A. B. : Nous ne sommes plus dans l’évangélisation, mais dans l’action. Cependant, il faut des impulsions plus fortes comme des pactes ou des engagements législatifs. La loi Copé-Zimmermann de 2011 [qui impose 40 % de femmes dans les conseils d’administration, N.D.L.R.] a permis à la France de devenir la meilleure élève de l’Europe en la matière. Quoi que l’on en pense, cela prouve que les quotas fonctionnent et qu’à un moment donné, ils sont nécessaires afin de rétablir artificiellement une situation tant que celle-ci n’est pas naturelle. Si les sociétés ne sont pas contraintes, elles mettront beaucoup plus de temps à traiter le sujet.

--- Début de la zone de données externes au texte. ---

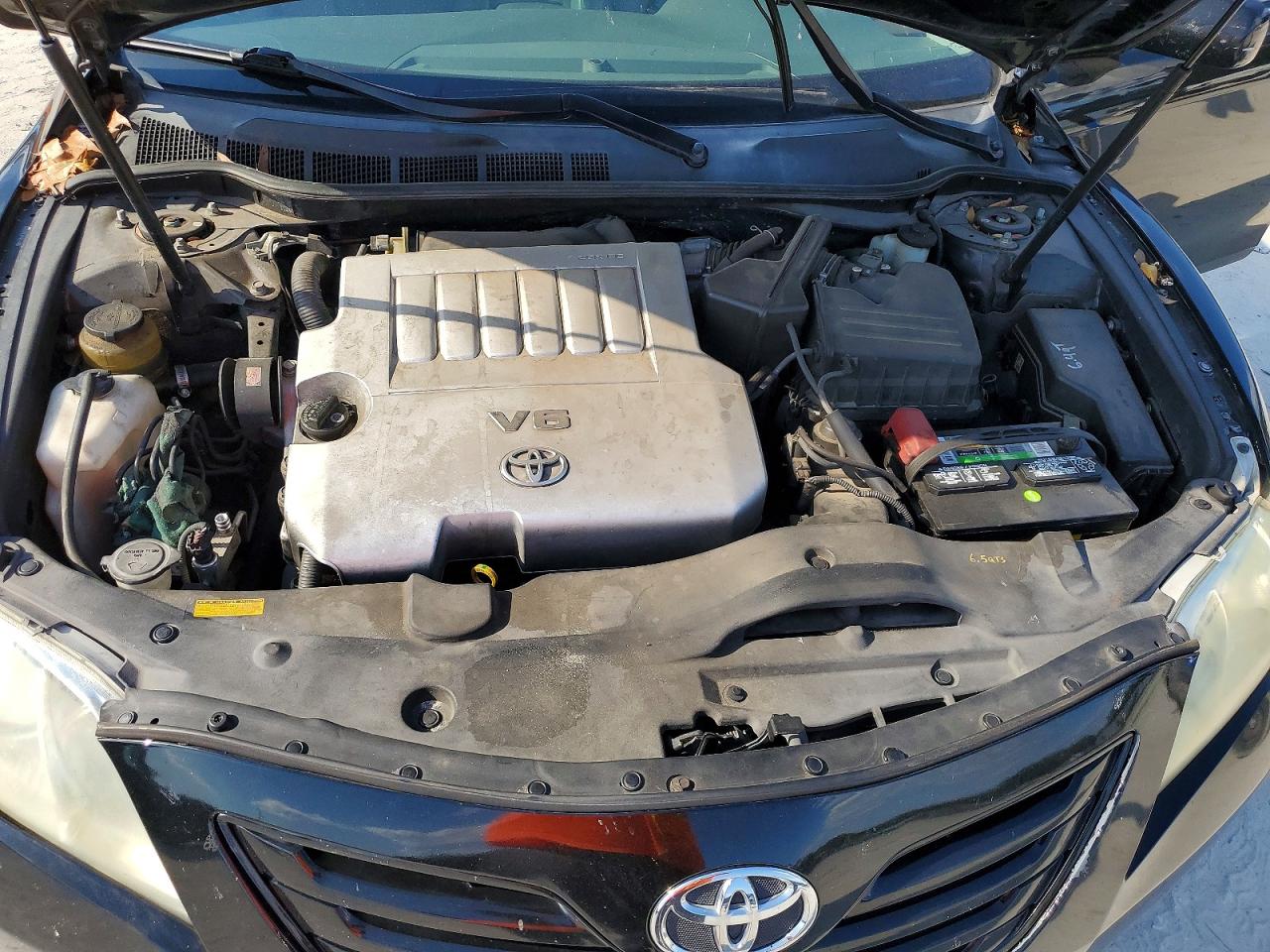 2008 Toyota Camry Xle V6 Black vin: 4T1BK46K38U058736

S. H. : Le pacte parité, tout comme la charte Sista, contribuent à tracer la route, mais il faut créer un cadre législatif. La première initiative de Clara Chappaz a été le pacte parité, qui fixe l'objectif de 40 % de femmes dans les boards d’ici à 2028. L'écosystème tech est petit, mais il a un potentiel énorme et il a la capacité de transformer d’autres secteurs, car il travaille avec de grandes entreprises.

Les LPs s’emparent aussi du sujet. Quand les entreprises expliquent travailler avec nous, c’est un argument qui rassure aussi les fonds d’investissement.